== Material supplied

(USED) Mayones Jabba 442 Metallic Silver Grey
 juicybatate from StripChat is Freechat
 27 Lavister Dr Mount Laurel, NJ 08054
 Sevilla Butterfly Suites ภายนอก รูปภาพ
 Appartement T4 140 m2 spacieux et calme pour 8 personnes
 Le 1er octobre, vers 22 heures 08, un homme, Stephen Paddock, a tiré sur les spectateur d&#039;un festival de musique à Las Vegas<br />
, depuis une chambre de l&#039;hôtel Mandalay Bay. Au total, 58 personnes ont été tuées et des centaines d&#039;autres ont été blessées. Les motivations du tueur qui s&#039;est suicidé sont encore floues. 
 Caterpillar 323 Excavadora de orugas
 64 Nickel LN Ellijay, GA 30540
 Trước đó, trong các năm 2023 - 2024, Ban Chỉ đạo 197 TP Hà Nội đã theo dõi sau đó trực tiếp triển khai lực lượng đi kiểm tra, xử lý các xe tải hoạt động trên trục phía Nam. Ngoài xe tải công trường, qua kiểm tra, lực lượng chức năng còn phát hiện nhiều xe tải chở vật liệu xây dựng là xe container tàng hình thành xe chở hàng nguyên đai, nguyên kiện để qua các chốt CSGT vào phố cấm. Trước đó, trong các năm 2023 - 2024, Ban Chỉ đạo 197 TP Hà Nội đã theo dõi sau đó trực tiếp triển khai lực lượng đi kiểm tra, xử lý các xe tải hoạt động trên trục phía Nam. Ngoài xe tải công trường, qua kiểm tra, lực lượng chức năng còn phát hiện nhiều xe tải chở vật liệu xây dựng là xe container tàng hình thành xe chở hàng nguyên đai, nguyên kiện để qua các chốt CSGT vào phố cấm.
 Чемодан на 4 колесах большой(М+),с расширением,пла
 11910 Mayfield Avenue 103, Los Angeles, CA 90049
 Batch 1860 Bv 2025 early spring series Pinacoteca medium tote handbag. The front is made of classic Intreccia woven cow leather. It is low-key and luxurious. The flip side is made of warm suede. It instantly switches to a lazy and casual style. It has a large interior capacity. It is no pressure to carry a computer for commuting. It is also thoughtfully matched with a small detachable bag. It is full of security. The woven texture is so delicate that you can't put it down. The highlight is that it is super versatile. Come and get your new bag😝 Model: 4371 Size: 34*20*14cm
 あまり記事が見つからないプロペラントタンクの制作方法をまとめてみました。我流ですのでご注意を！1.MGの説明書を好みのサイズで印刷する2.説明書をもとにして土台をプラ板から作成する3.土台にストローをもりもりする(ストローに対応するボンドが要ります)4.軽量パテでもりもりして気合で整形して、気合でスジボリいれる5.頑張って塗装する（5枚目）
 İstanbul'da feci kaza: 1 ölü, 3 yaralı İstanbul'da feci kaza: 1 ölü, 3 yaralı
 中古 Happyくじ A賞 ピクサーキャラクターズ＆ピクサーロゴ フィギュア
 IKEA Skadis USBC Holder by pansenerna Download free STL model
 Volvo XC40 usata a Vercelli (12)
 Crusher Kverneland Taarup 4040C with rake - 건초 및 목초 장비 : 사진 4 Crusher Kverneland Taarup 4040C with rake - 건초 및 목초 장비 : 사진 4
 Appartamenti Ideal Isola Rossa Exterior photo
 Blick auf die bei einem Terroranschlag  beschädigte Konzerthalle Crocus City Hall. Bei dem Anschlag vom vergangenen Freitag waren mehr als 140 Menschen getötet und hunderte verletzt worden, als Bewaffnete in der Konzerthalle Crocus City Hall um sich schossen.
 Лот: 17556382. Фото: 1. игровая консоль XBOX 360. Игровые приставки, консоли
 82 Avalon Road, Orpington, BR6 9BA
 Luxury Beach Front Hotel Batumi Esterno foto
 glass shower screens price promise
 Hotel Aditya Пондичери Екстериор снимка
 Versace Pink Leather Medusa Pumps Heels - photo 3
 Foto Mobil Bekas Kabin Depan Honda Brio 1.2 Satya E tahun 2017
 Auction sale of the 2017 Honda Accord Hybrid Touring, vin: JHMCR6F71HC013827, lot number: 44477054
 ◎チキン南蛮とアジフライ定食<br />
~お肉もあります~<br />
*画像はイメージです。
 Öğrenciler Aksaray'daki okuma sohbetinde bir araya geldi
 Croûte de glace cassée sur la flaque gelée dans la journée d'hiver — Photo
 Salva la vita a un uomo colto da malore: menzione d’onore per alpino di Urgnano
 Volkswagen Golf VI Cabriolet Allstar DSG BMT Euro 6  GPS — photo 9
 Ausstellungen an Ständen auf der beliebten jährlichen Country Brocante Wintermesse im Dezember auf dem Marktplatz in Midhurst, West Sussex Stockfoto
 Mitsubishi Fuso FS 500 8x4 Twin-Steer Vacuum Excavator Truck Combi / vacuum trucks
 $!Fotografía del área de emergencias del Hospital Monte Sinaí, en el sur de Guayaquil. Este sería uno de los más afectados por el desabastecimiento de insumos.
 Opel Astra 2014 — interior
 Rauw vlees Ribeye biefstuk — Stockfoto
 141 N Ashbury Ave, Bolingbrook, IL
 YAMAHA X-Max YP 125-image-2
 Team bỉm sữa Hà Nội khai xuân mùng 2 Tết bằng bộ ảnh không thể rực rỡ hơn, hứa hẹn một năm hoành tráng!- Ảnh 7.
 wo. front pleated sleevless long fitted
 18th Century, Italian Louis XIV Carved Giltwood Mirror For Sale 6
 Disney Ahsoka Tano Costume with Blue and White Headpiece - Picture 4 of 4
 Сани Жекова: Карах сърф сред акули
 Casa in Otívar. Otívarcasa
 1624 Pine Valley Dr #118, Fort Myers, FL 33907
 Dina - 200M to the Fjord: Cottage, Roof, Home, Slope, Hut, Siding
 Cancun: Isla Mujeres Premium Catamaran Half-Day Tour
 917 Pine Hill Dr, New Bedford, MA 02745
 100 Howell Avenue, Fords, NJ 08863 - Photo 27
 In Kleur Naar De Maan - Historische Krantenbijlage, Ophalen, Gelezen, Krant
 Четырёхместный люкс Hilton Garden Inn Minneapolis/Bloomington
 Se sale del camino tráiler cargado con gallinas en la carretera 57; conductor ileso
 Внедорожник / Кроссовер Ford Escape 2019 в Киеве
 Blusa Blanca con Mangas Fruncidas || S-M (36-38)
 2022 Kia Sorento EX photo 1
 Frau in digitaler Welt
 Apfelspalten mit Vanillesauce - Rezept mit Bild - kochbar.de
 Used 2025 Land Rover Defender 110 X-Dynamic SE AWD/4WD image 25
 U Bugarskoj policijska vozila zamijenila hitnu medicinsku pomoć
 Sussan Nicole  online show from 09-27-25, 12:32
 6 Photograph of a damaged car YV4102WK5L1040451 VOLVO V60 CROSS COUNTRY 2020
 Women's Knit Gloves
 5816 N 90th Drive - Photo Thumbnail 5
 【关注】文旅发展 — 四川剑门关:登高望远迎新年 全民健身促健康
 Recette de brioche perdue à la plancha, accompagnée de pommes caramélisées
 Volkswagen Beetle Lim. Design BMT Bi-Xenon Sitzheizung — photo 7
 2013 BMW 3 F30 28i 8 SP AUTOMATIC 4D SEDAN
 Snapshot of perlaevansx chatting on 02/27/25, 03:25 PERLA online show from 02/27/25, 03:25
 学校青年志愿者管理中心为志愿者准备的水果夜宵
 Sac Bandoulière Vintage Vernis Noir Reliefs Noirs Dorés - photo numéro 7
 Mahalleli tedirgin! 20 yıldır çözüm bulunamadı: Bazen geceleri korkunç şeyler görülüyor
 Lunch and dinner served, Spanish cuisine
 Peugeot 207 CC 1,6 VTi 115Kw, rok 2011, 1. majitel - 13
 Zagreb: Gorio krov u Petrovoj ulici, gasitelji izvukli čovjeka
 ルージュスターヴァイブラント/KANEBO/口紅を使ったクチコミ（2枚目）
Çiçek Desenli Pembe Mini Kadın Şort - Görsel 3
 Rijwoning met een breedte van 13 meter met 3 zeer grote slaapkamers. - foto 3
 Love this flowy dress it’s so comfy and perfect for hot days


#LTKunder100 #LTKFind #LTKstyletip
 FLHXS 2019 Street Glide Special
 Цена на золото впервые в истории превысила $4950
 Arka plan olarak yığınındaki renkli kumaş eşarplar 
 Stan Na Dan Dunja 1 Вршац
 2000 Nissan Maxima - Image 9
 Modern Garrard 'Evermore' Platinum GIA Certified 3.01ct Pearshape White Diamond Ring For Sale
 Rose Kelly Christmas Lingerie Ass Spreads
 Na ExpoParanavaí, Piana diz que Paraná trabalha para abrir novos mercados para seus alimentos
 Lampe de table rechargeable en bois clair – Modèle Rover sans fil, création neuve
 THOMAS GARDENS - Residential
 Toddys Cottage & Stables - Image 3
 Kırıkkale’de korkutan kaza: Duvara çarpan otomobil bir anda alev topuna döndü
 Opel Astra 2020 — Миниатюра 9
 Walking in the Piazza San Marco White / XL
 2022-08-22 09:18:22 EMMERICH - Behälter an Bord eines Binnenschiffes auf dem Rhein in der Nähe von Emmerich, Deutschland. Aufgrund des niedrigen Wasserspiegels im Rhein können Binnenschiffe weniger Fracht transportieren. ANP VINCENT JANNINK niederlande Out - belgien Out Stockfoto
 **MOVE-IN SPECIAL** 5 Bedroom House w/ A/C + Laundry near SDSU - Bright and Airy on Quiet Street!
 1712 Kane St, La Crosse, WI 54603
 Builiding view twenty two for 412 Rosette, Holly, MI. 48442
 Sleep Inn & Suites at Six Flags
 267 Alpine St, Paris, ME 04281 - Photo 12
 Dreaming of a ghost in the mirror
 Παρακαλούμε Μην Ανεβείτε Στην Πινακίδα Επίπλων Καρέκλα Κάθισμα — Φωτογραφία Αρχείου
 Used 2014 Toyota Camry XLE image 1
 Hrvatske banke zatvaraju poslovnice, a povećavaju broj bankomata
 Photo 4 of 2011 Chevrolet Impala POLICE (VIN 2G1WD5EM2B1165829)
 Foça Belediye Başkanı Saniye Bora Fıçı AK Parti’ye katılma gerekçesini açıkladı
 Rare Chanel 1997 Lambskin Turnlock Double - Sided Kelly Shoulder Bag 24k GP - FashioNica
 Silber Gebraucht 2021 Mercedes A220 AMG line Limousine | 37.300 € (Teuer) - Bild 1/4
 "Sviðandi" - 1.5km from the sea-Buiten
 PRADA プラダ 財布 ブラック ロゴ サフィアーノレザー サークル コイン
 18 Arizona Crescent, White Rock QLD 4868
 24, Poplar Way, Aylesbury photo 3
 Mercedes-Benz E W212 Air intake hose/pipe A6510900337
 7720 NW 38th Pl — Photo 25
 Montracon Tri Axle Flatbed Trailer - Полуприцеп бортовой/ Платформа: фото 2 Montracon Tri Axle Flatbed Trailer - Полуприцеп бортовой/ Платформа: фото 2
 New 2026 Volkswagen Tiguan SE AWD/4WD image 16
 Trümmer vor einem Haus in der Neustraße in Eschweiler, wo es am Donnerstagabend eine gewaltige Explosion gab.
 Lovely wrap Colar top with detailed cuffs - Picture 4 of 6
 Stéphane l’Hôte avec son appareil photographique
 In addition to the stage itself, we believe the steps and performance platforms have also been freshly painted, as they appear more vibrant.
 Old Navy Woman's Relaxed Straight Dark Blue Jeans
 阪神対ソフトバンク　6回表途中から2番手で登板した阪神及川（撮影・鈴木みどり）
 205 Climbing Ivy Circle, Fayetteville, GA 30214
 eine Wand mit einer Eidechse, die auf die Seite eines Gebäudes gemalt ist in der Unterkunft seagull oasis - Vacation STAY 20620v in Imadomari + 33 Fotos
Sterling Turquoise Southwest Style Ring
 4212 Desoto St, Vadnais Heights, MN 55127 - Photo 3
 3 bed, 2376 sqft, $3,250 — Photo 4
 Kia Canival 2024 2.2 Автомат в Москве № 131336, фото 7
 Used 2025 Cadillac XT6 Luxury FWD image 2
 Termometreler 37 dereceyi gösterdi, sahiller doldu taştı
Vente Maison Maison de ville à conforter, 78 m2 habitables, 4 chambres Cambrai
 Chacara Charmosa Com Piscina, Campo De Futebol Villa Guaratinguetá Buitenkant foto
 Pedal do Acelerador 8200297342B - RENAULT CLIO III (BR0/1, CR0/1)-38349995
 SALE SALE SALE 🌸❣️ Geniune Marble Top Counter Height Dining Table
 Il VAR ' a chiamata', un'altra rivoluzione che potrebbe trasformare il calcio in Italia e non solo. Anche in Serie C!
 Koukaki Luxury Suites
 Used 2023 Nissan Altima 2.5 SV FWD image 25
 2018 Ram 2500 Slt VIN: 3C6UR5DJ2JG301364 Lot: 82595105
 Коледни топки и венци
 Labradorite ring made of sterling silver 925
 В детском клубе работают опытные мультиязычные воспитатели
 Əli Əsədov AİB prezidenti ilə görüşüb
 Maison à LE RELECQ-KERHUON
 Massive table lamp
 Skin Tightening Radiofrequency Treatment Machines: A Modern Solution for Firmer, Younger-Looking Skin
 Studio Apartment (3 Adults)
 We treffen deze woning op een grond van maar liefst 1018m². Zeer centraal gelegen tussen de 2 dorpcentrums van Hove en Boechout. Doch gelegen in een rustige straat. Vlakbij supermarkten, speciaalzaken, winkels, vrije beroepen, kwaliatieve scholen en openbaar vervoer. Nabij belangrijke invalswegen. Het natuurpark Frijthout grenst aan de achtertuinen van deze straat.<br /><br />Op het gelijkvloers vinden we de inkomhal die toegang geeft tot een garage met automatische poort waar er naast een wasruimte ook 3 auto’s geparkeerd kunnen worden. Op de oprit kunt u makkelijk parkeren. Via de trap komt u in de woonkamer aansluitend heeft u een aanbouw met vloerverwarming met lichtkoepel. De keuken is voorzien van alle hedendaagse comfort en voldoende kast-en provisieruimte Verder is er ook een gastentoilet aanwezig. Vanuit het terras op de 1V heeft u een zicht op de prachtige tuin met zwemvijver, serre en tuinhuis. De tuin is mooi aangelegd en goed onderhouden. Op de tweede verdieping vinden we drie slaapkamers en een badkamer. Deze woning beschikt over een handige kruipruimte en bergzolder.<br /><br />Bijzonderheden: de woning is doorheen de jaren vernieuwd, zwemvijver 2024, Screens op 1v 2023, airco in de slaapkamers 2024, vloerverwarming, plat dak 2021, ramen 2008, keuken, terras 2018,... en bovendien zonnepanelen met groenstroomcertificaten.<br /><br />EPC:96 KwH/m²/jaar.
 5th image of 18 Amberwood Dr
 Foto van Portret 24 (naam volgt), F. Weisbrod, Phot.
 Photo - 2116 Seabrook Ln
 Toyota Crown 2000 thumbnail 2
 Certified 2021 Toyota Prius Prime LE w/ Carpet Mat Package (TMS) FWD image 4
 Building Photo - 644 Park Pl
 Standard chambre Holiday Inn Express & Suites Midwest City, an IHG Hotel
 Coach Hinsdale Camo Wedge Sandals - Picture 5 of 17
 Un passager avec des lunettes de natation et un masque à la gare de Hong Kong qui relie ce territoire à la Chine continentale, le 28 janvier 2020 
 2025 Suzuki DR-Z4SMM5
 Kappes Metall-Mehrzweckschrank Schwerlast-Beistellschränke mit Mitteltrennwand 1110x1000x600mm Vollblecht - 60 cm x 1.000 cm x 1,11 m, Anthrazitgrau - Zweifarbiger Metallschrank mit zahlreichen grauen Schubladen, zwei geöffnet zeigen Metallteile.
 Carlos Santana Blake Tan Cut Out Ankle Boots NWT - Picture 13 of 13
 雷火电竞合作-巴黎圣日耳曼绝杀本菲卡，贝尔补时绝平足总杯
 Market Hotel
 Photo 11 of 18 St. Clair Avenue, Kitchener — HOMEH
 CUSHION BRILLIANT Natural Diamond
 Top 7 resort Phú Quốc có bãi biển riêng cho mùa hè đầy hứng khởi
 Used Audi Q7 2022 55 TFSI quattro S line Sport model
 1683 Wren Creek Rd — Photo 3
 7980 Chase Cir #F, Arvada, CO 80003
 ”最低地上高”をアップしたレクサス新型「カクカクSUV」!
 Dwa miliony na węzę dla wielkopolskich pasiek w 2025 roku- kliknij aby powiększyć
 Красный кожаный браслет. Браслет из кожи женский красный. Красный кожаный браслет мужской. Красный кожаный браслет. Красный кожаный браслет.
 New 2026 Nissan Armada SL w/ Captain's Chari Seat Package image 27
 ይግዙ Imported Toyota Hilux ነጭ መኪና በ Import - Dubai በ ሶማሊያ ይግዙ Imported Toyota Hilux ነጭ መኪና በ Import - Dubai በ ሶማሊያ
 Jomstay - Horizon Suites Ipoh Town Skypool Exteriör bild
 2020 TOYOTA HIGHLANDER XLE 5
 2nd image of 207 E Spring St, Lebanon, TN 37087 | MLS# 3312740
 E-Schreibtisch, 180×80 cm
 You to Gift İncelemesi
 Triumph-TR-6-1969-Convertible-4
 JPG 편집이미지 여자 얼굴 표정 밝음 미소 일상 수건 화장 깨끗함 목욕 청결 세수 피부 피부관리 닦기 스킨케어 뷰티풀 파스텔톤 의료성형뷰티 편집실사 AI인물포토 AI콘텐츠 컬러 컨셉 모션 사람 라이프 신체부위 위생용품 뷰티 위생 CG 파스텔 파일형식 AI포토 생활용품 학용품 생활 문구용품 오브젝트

====

→ **Exercise aim**:
Return only the part of the records above that opens with the line containing "FLHXS 2019 Street Glide Special" and closes with the line containing "2000 Nissan Maxima - Image 9", ends included.

→ **Answer to the problem**:
 FLHXS 2019 Street Glide Special
 Цена на золото впервые в истории превысила $4950
 Arka plan olarak yığınındaki renkli kumaş eşarplar 
 Stan Na Dan Dunja 1 Вршац
 2000 Nissan Maxima - Image 9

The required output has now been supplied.